深入理解MongoDB的复合索引

为什么需要索引？

当你抱怨MongoDB集合查询效率低的时候，可能你就需要考虑使用索引了，为了方便后续介绍，先科普下MongoDB里的索引机制（同样适用于其他的数据库比如mysql）。

mongo-9552:PRIMARY> db.person.find()
{ "_id" : ObjectId("571b5da31b0d530a03b3ce82"), "name" : "jack", "age" : 19 }
{ "_id" : ObjectId("571b5dae1b0d530a03b3ce83"), "name" : "rose", "age" : 20 }
{ "_id" : ObjectId("571b5db81b0d530a03b3ce84"), "name" : "jack", "age" : 18 }
{ "_id" : ObjectId("571b5dc21b0d530a03b3ce85"), "name" : "tony", "age" : 21 }
{ "_id" : ObjectId("571b5dc21b0d530a03b3ce86"), "name" : "adam", "age" : 18 }

当你往某各个集合插入多个文档后，每个文档在经过底层的存储引擎持久化后，会有一个位置信息，通过这个位置信息，就能从存储引擎里读出该文档。比如mmapv1引擎里，位置信息是『文件id + 文件内offset 』，在wiredtiger存储引擎（一个KV存储引擎）里，位置信息是wiredtiger在存储文档时生成的一个key，通过这个key能访问到对应的文档；为方便介绍，统一用pos(position的缩写)来代表位置信息。

什么是复合索引？

复合索引，即Compound Index，指的是将多个键组合到一起创建索引，这样可以加速匹配多个键的查询。
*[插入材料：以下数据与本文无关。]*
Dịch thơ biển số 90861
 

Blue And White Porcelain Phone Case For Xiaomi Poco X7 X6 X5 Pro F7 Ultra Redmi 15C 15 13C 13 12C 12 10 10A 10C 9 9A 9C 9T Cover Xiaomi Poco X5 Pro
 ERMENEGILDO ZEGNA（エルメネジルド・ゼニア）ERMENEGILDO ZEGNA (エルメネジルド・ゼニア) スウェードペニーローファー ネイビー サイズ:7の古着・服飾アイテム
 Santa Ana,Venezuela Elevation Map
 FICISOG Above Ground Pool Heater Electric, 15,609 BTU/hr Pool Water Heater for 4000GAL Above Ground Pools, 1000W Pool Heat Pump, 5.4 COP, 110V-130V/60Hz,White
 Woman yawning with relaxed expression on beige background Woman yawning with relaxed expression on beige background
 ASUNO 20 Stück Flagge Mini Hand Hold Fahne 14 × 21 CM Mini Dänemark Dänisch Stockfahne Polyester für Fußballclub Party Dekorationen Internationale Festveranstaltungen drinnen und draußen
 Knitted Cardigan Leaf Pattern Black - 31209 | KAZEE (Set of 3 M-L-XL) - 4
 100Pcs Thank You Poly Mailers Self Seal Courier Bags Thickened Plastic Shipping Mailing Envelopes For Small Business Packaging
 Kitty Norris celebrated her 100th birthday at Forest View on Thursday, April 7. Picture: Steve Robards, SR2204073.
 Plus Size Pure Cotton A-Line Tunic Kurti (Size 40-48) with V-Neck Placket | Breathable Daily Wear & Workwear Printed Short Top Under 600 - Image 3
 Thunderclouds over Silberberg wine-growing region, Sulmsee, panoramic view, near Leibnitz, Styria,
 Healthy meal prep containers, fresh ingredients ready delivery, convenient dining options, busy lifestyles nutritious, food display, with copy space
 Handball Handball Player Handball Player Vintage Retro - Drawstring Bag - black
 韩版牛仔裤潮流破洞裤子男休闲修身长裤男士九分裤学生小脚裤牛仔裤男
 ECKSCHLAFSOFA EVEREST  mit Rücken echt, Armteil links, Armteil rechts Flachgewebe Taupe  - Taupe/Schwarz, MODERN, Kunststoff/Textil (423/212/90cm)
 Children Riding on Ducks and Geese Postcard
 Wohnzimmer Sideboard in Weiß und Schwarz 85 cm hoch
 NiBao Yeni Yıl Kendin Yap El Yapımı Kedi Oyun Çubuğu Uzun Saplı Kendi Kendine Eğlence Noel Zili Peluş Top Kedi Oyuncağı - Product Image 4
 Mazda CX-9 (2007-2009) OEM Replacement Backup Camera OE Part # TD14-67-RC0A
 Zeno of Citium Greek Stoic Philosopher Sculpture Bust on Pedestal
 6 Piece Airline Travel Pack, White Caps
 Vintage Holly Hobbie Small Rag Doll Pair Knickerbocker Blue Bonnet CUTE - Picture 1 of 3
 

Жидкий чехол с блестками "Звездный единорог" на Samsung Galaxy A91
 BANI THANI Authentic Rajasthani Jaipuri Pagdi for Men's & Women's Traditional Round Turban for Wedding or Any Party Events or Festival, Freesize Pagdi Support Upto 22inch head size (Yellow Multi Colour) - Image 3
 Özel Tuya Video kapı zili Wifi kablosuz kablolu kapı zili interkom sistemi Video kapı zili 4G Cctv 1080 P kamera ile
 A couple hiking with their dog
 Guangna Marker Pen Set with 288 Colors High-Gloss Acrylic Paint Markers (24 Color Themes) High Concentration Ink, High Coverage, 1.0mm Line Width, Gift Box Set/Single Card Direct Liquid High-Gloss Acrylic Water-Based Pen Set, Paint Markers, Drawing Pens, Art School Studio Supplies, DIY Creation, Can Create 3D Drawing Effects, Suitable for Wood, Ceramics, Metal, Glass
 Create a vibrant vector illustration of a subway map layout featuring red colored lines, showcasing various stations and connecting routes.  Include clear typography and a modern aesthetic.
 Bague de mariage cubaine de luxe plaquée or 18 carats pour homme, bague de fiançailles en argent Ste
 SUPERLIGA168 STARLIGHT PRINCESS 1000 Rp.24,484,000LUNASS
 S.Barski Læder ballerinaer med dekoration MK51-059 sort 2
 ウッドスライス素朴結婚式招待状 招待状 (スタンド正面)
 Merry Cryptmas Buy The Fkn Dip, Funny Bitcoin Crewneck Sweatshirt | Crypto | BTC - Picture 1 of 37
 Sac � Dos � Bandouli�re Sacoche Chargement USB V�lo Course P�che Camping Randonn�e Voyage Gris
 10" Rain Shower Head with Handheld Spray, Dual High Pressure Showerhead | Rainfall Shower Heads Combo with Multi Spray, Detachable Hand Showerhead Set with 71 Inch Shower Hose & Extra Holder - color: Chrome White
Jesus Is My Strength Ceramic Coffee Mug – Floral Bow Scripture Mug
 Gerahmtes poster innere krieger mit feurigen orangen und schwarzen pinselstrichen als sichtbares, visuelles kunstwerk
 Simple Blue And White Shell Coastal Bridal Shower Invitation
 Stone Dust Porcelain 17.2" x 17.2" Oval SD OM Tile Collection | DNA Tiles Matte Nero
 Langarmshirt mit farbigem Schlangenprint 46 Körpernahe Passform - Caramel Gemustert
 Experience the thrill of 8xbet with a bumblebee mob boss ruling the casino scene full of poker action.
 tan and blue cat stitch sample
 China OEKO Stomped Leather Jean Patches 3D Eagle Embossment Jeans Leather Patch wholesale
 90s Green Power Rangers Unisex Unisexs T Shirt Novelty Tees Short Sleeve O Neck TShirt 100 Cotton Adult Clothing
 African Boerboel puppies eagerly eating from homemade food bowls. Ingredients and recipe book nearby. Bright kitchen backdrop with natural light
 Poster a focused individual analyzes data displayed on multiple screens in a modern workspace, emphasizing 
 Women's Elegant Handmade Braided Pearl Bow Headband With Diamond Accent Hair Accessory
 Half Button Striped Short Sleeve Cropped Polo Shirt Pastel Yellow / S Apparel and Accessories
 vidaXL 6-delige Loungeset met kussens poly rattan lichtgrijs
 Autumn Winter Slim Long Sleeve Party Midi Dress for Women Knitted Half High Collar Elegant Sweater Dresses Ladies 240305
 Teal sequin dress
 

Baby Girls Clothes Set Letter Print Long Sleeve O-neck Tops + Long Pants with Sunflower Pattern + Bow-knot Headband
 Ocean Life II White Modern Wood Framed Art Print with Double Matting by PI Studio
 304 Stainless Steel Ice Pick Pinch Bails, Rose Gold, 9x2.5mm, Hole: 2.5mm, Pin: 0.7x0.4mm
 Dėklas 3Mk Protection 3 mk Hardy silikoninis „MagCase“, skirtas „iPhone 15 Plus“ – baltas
不妨通过一个简单的示例理解复合索引。

students集合如下：

db.students.find().pretty()
{
 "_id" : ObjectId("5aa7390ca5be7272a99b042a"),
 "name" : "zhang",
 "age" : "15"
}
{
 "_id" : ObjectId("5aa7393ba5be7272a99b042b"),
 "name" : "wang",
 "age" : "15"
}
{
 "_id" : ObjectId("5aa7393ba5be7272a99b042c"),
 "name" : "zhang",
 "age" : "14"
}

在name和age两个键分别创建了索引(_id自带索引)：

db.students.getIndexes()
[
 {
 "v" : 1,
 "key" : {
 "name" : 1
 },
 "name" : "name_1",
 "ns" : "test.students"
 },
 {
 "v" : 1,
 "key" : {
 "age" : 1
 },
 "name" : "age_1",
 "ns" : "test.students"
 }
]

当进行多键查询时，可以通过explian()分析执行情况(结果仅保留winningPlan)：

db.students.find({name:"zhang",age:"14"}).explain()
"winningPlan":
{
 "stage": "FETCH",
 "filter":
 {
  "name":
  {
   "$eq": "zhang"
  }
 },
 "inputStage":
 {
  "stage": "IXSCAN",
  "keyPattern":
  {
   "age": 1
  },
  "indexName": "age_1",
  "isMultiKey": false,
  "isUnique": false,
  "isSparse": false,
  "isPartial": false,
  "indexVersion": 1,
  "direction": "forward",
  "indexBounds":
  {
   "age": [
    "[\"14\", \"14\"]"
   ]
  }
 }
}

由winningPlan可知，这个查询依次分为IXSCAN和FETCH两个阶段。IXSCAN即索引扫描，使用的是age索引；FETCH即根据索引去查询文档，查询的时候需要使用name进行过滤。

为name和age创建复合索引：

db.students.createIndex({name:1,age:1})
db.students.getIndexes()
[
 {
 "v" : 1,
 "key" : {
 "name" : 1,
 "age" : 1
 },
 "name" : "name_1_age_1",
 "ns" : "test.students"
 }
]

有了复合索引之后，同一个查询的执行方式就不同了：

db.students.find({name:"zhang",age:"14"}).explain()
"winningPlan":
{
 "stage": "FETCH",
 "inputStage":
 {
  "stage": "IXSCAN",
  "keyPattern":
  {
   "name": 1,
   "age": 1
  },
  "indexName": "name_1_age_1",
  "isMultiKey": false,
  "isUnique": false,
  "isSparse": false,
  "isPartial": false,
  "indexVersion": 1,
  "direction": "forward",
  "indexBounds":
  {
   "name": [
    "[\"zhang\", \"zhang\"]"
   ],
   "age": [
    "[\"14\", \"14\"]"
   ]
  }
 }
}

由winningPlan可知，这个查询的顺序没有变化，依次分为IXSCAN和FETCH两个阶段。但是，IXSCAN使用的是name与age的复合索引；FETCH即根据索引去查询文档，不需要过滤。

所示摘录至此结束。